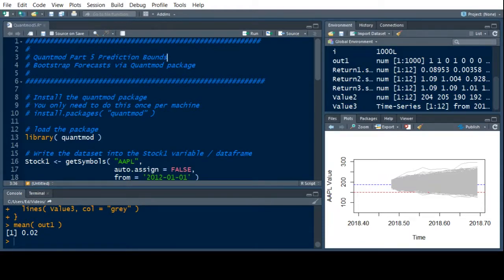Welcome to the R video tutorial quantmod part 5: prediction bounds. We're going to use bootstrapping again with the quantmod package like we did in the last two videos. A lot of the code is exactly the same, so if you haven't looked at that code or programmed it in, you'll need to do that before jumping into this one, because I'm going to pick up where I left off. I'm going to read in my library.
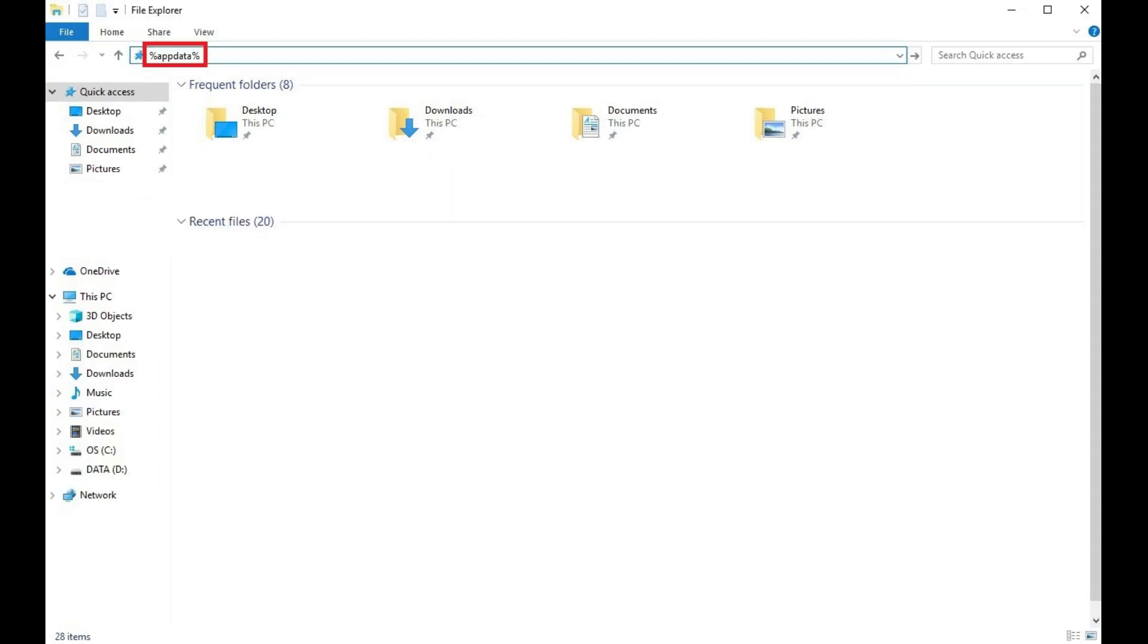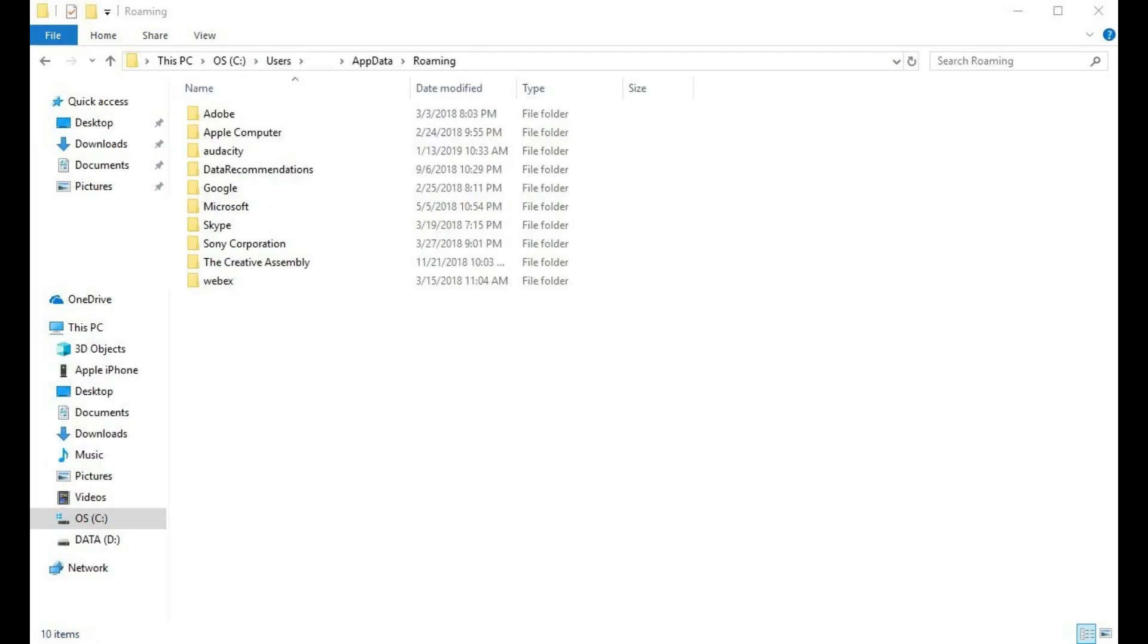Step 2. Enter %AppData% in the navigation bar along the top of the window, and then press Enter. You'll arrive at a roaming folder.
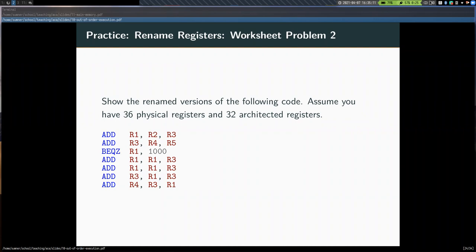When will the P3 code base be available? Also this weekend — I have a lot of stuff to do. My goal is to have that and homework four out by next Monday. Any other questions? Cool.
#####
## Your instructions:
What is needed is a word-for-word copy of the data above, free of any images.

## Task output:
Welcome to the R video tutorial quantmod part 5: prediction bounds. We're going to use bootstrapping again with the quantmod package like we did in the last two videos. A lot of the code is exactly the same, so if you haven't looked at that code or programmed it in, you'll need to do that before jumping into this one, because I'm going to pick up where I left off. I'm going to read in my library.
Step 2. Enter %AppData% in the navigation bar along the top of the window, and then press Enter. You'll arrive at a roaming folder.
When will the P3 code base be available? Also this weekend — I have a lot of stuff to do. My goal is to have that and homework four out by next Monday. Any other questions? Cool.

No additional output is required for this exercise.